Es gibt Abschnitte und Szenen in diesem Buch, die sind ein Genuss und haben jenen epischen Atem, den die ersten Kapitel versprechen und die mich hoffen ließen, ein ähnlich bewegendes Lesevergnügen gefunden zu haben wie DAS ACHTE LEBEN: FÜR BRILKA oder ALEF. Leider war dem nicht so: Während Haratischwili und Höftmann-Giobotaru mitreißend erzählen, beschränkt sich Sniadanko überwiegend darauf, zu beschreiben und zu dokumentieren; das mag sich oft wie ein mündlicher, über Generationen weitergegebener Erfahrungsbericht anhören, bei dem Familienerinnerungen, das Leiden von Sissi (und Sohn) und Massenvergewaltigungen nach dem zweiten Weltkrieg nahezu dieselbe Wahrnehmungsebene haben. Dies hat mich die meiste Zeit auf Abstand gehalten.

Wilhelm ist – der Titel deutet es an – eine spannende Figur, doch wir erfahren erstaunlich wenig über ihn; insbesondere sein illustres Liebesleben wird nur gestreift (und allein die Zeit in Paris, als er die Bekanntschaft einer schönen Betrügerin macht, wäre einen eigenen Roman wert – während man über die schrecklichste aller schrecklichen Sexszenen auf Seite 290 den Mantel des Vergessens werfen möge). Ähnlich ging es mir mit seiner Frau Sofia, die so viel mehr zu bieten gehabt hätte – ganz im Gegensatz zu ihrer Tochter Halyna, deren Gegenwarts- und Erziehungsprobleme mich komplett unberührt ließen.

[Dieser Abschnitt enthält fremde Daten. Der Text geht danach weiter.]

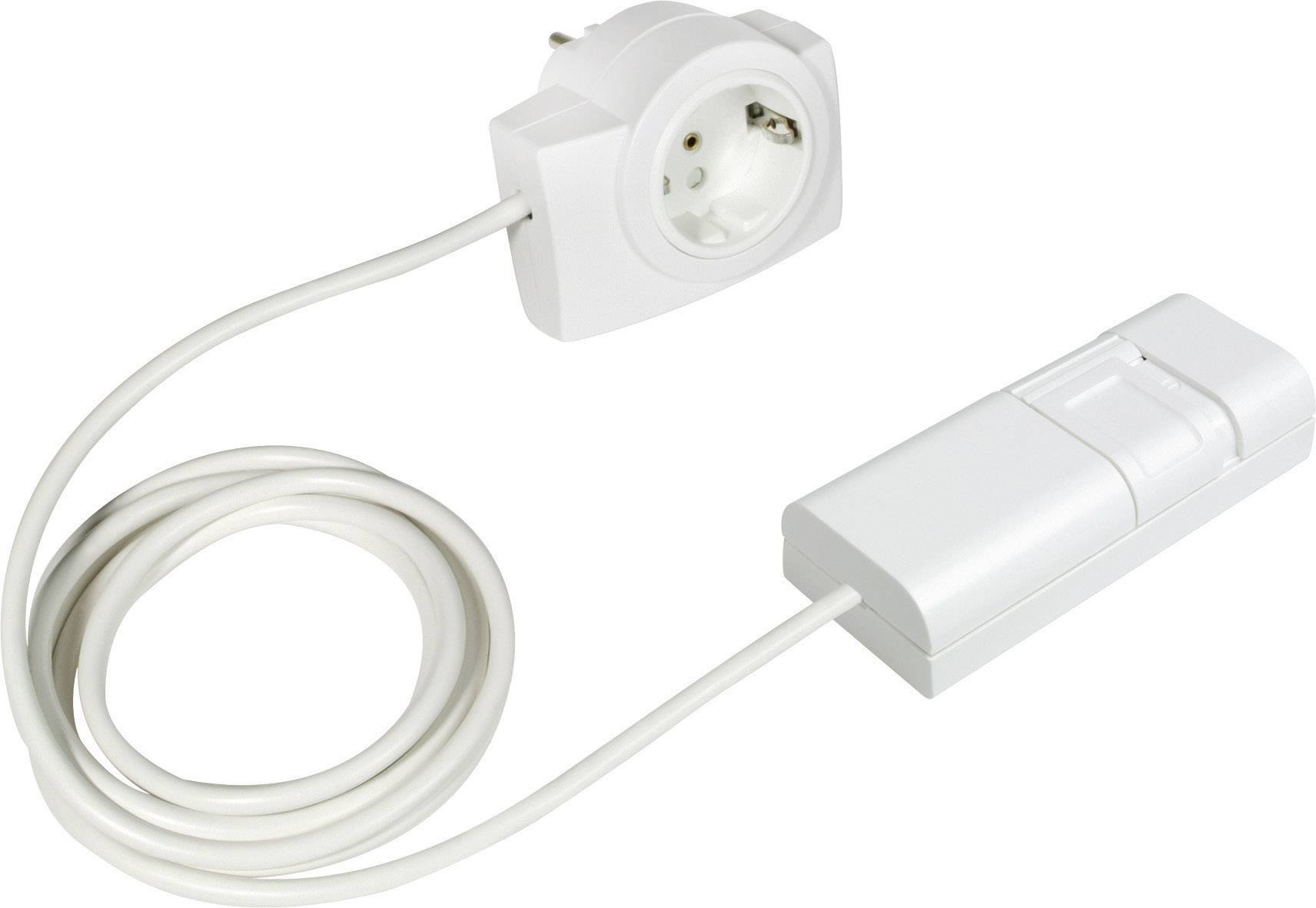 An extension lead with a socket and a switch, for conveniently switching connected devices on and off.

Trotz Kenntnisse der Originalfassung bzw. Ursprungssprache vermute ich, dass die Übersetzung von Maria Weissenböck sehr gelungen ist, denn sie liest sich flüssig und – in den besseren Momenten der Handlung – mitreißend. Man hätte diesem Buch, ob nun im Original oder in der deutschen Ausgabe, mutige Kürzungen gewünscht: Das Überangebot der Ereignisse, das ständige Auftauchen und Verschwinden von Figuren hinterlässt bei mir kein Gefühl dramatischer Chöre, sondern Belanglosigkeit, aus der die unfassbare Brutalität gegen Frauen zwar gelegentlich schmerzlich heraussticht, aber umso beliebiger wirkt – zumal der Grundton des Romans seltsam versöhnlich wirkt; ein Ölgemälde kann man eben nicht mit Wasserfarben malen.

***

Ich habe dieses Buch selbst gekauft; es handelt sich bei dieser Rezension also nicht um eine beauftragte oder bezahlte Werbung, sondern sie gibt lediglich meine Meinung wieder.

Natalka Sniadanko: DER ERZHERZOG, DER DEN SCHWARZMARKT REGIERTE, MATROSEN LIEBTE UND MEIN GROSSVATER WURDE. Aus dem Ukrainischen von Maria Weissenböck. Haymon Verlag, 2021.